AI WEIWEI: I think my father lived his life under very strong political censorship and he paid his lifetime for that. You know, he was exiled, he was in jail not for one year but over 20 years. And I grew up with him. I don’t think he would be surprised for me to fight, to defend the freedom of speech. And I think he would be proud if he knows I’m doing that but of course he will be worried because he knows this kind of condition in most cases, you cannot win.

LAURA FLANDERS: We started by talking about those images from Gaza. How do you decide to work on subjects of migration or incarceration, or as you did the naming of the children killed in the earthquake in Sichuan?

AI WEIWEI: I made my, how do you say, my comment or it’s kind of commentary only because those topic I cannot avoid to escape from. Very often people would ask me, what’s your opinion? So I have to be honest to give out my opinion. I cannot say I don’t have any opinion about it. But I’m not this kind of very active activist. I’m just being forced to act. But I’m proud of doing that because that is the meaning of life, to give dignity to life itself rather than anything else.

LAURA FLANDERS: But you were pushed to focus on migrants to focus?

AI WEIWEI: Yes. I was a migrant, even in my country my father was exiled, so we always been discriminated. We never had a place we can call home. So I’m always wondering why those people have to leave their home. It doesn’t make any sense. Even if poor they will not leave their home willingly. Just take their children, do all those risk across the ocean and go to a land with no language, no religious similarity, and how can they survive? It’s not possible. So I’m always wondering how that would happen. So that kind of curiosity leading me to want to know more about them and about how the other people look at them. What is the political policies or positions of the people handling those people?

LAURA FLANDERS: When you made your film, “Flow..”

AI WEIWEI: “Human Flow,” yes.

LAURA FLANDERS: “Human Flow,” the migration, the numbers of migrants and people displaced, I looked it up was like half of what it is today. And you make the point that the number of borders was much more than it had been at the end of the Cold War so-called, the bringing down of the Berlin Wall. Today, the question of home and homeland is up again. And I wonder, looking to Palestine, looking to Israel, looking all around the world as we see people moving and fighting for a place to call home, what is home to you?

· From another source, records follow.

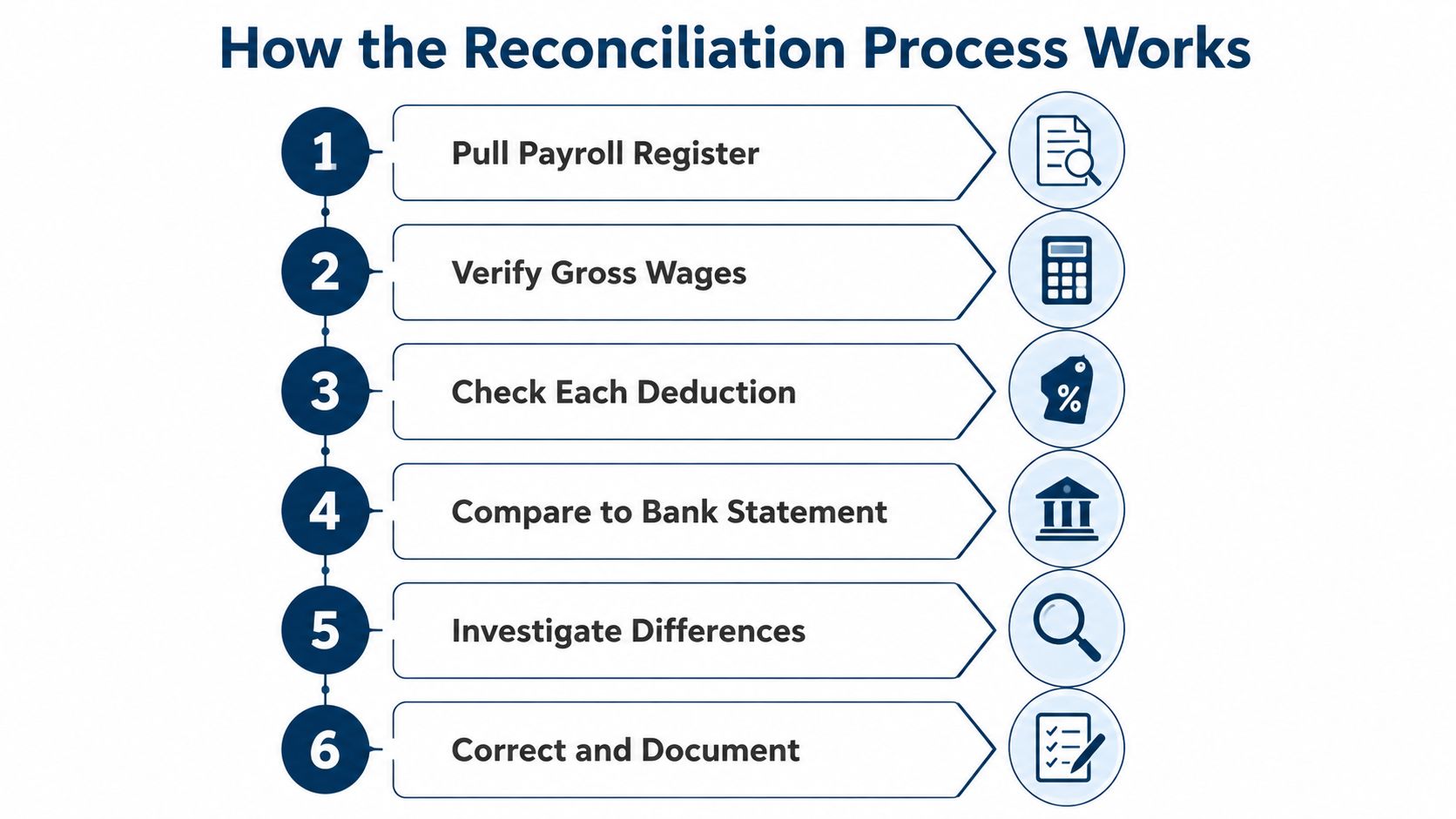 A six-step infographic titled How the Reconciliation Process Works, illustrating steps from payroll register to final documentation.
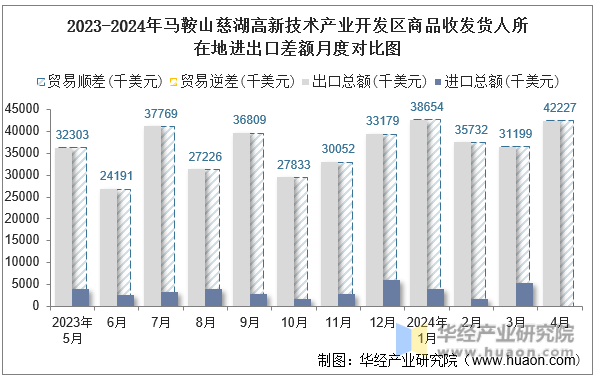 2023-2024年马鞍山慈湖高新技术产业开发区商品收发货人所在地进出口差额月度对比图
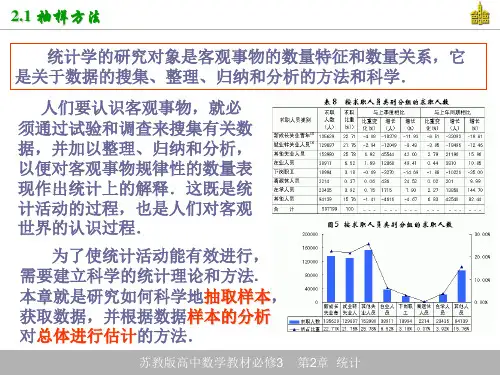 高中数学 抽样方法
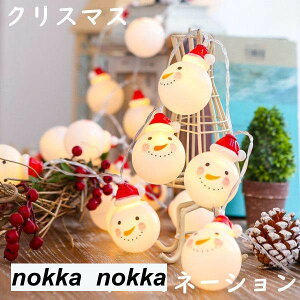 NX}X C~l[V Cg Ⴞ Cg T^  dr p[eB[    ze ItBX     O  Y  v[g 3m*20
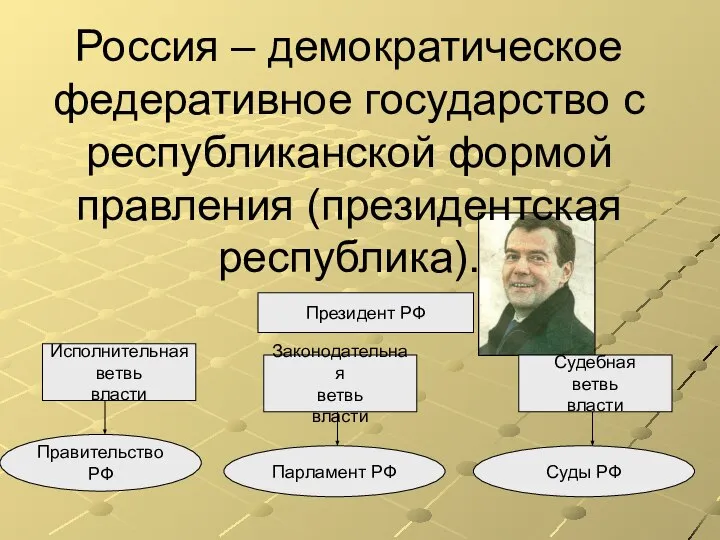 Россия – демократическое федеративное государство с республиканской формой правления (президентская республика).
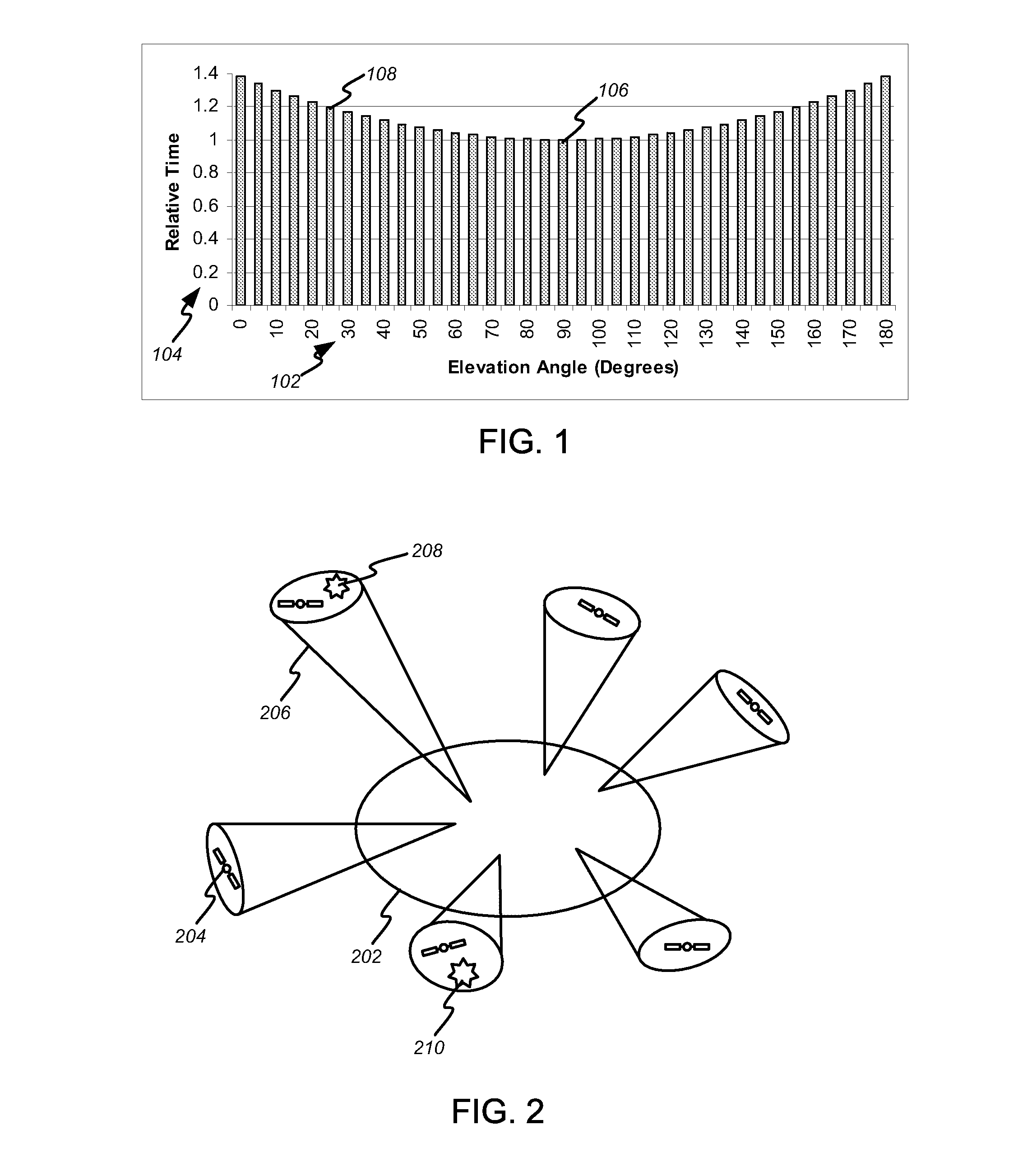 Digital beam-forming apparatus and technique for a multi-beam global positioning system (GPS) receiver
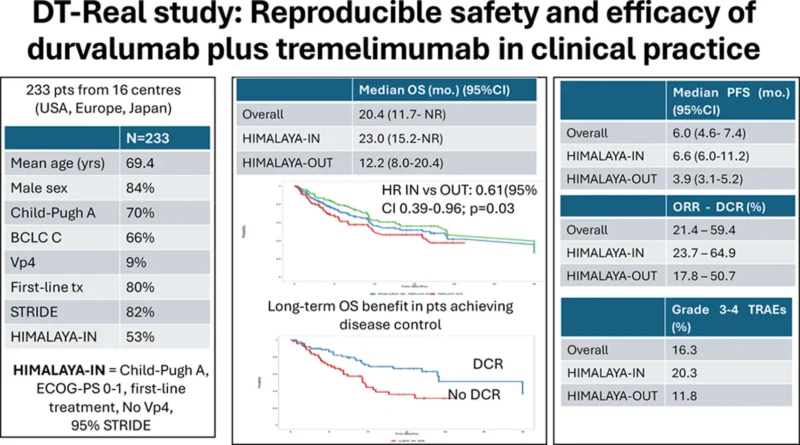 DT-Real Study: Real-World Outcomes of Durvalumab With or Without Tremelimumab in Advanced HCC 3 DT-real study results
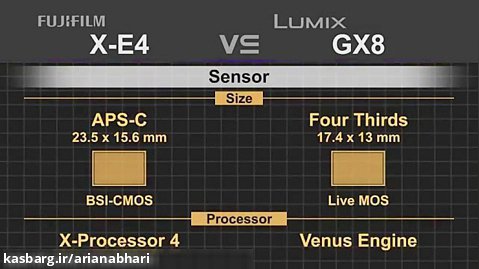 خرید دوربین | Fujifilm X-E4 vs Panasonic Lumix GX8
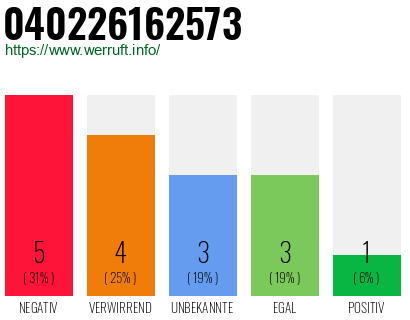 Rufnummer 040226162573 Telefonnummer 040226162573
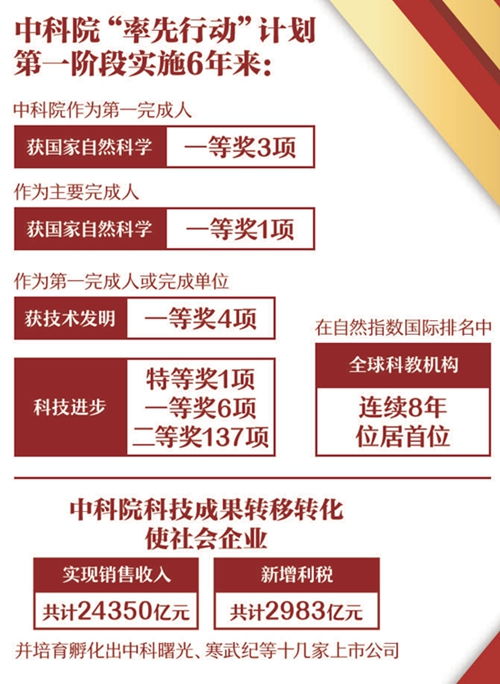 率先的辨析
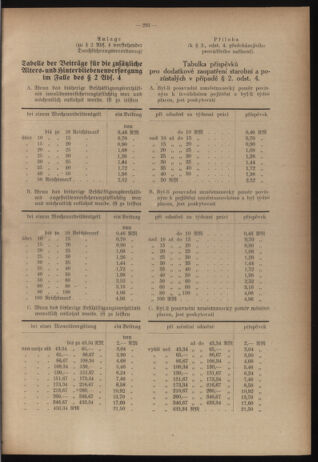 Verordnungsblatt des Reichsprotektors in Böhmen und Mähren: = Věstník nařízení Reichsprotektora in Böhmen und Mähren 19400720 Seite: 5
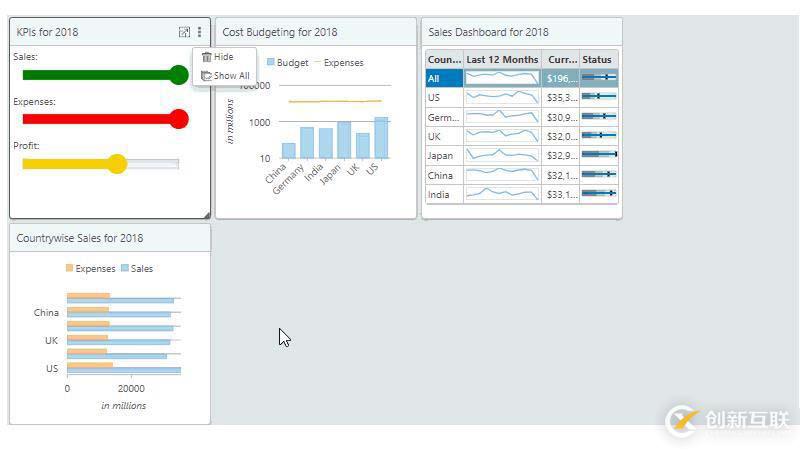 ComponentOne 2018V2正式發(fā)布，提供輕量級的 .NET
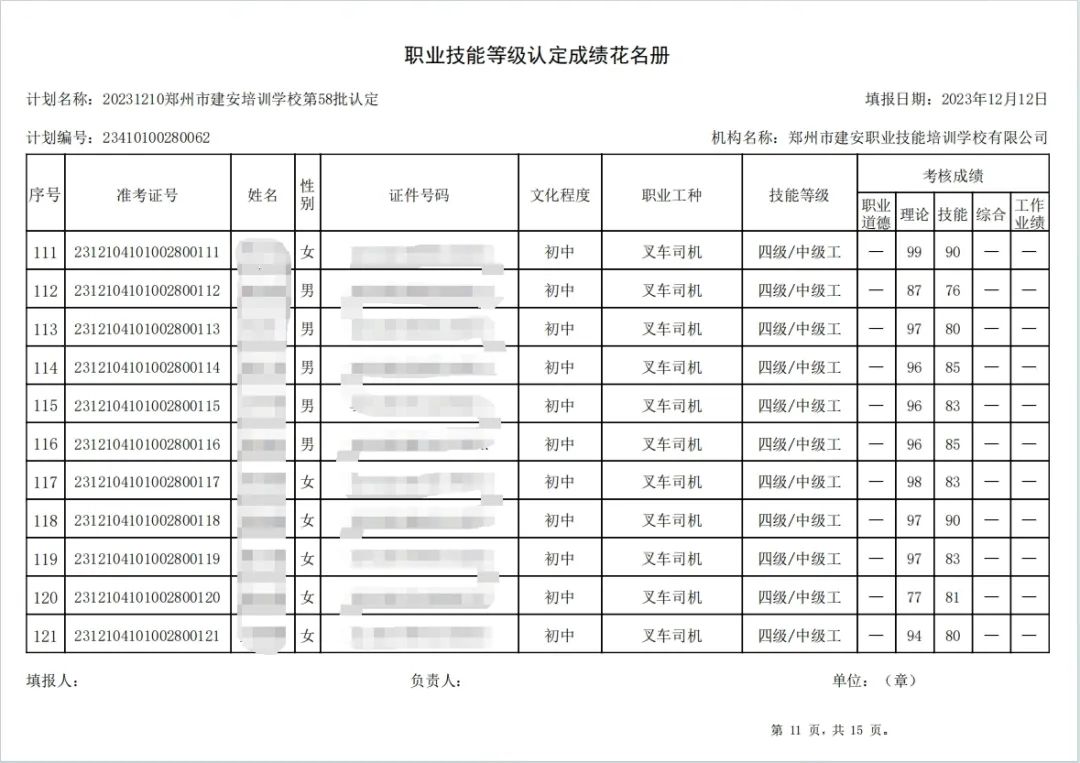 建安职业技能培训学校-第58批职业技能等级认定考试成绩公示（图11）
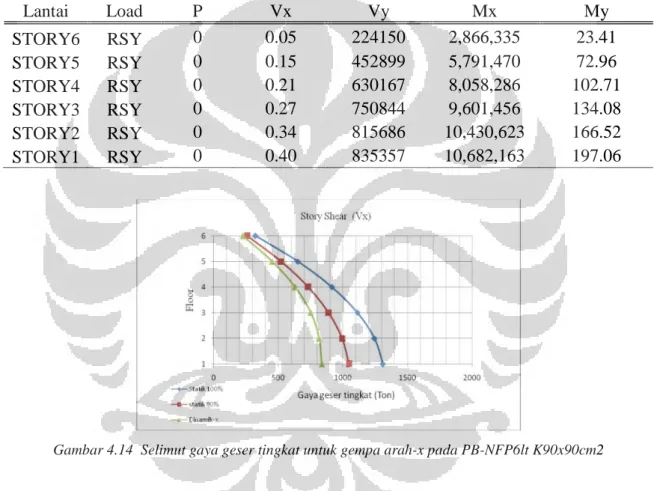 Tabel 4.19 Gaya dinamik pada tiap lantai akibat spektrum gempa-y pada PB-NFP6lt K90x90cm2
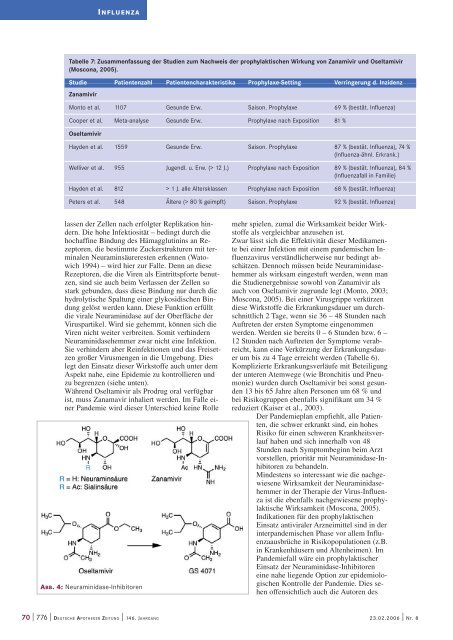 Die drohende Influenza-Pandemie - Pharmazie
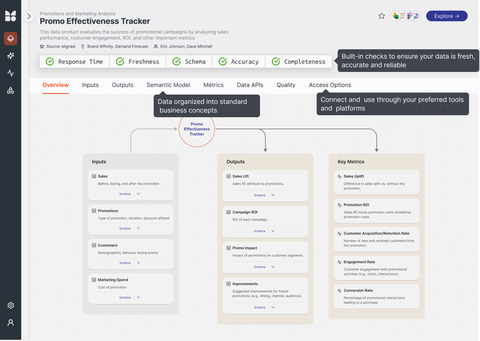 Snapshot of the Data Product Hub (Graphic: Business Wire)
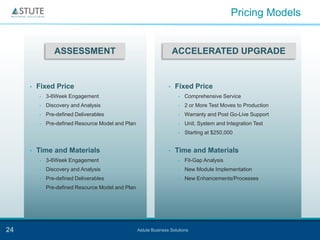 Pricing Models


                ASSESSMENT                                            ACCELERATED UPGRADE


     •   Fixed Price                                              •   Fixed Price
         •   3-6Week Engagement                                        •   Comprehensive Service
         •   Discovery and Analysis                                    •   2 or More Test Moves to Production
         •   Pre-defined Deliverables                                  •   Warranty and Post Go-Live Support
         •   Pre-defined Resource Model and Plan                       •   Unit, System and Integration Test
                                                                       •   Starting at $250,000


     •   Time and Materials                                       •   Time and Materials
         •   3-6Week Engagement                                        •   Fit-Gap Analysis
         •   Discovery and Analysis                                    •   New Module Implementation
         •   Pre-defined Deliverables                                  •   New Enhancements/Processes
         •   Pre-defined Resource Model and Plan




24                                                 Astute Business Solutions
 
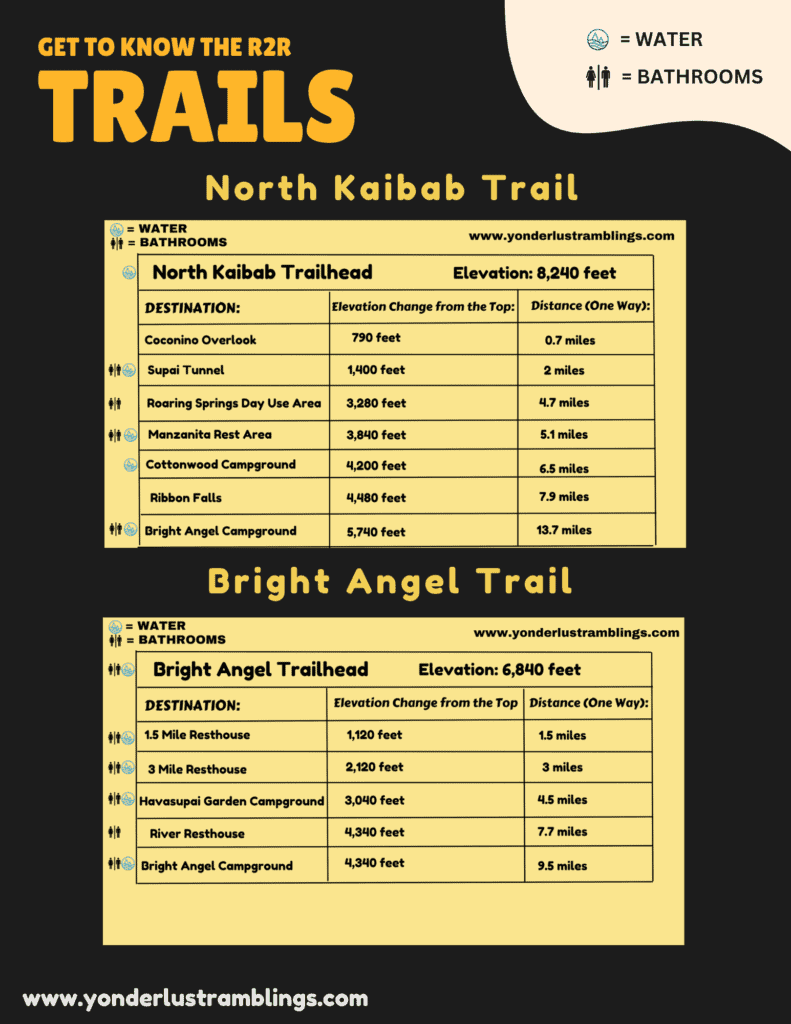 North Kaibab Trail and Bright Angel Trail Overview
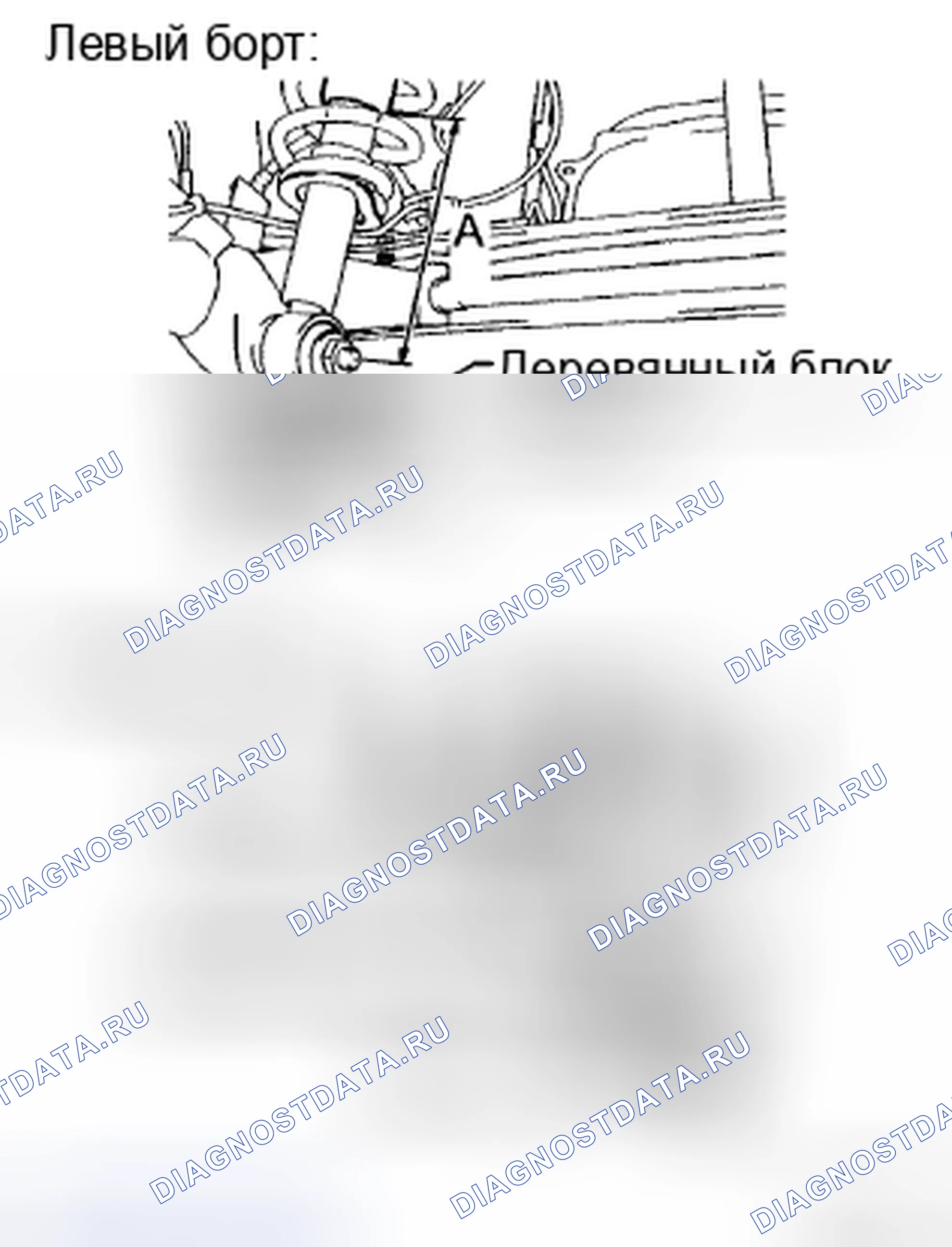 Рис. 15. Toyota Corolla X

AI WEIWEI: Too late to find home for me. I have been in China for a very long time, over 40 years, I couldn’t call it home. I speak Chinese language. My father is most respectful poet today and I cannot call it home because we just do not have same kind of ideology and values we can share. And if I cannot speak freely in a place that you don’t call it home. And yes, I’ve been United States for 12 years, then I’ve been Europe almost 10 years now. I still feel quite foreign in outside China. So I will not think there will be a location I called home, but which fine. They give me opportunity to know more, to know more difficult situations and to know there’s a lot of people, they’re just not privileged and the whole world are facing a dramatic change. And this situation getting more common.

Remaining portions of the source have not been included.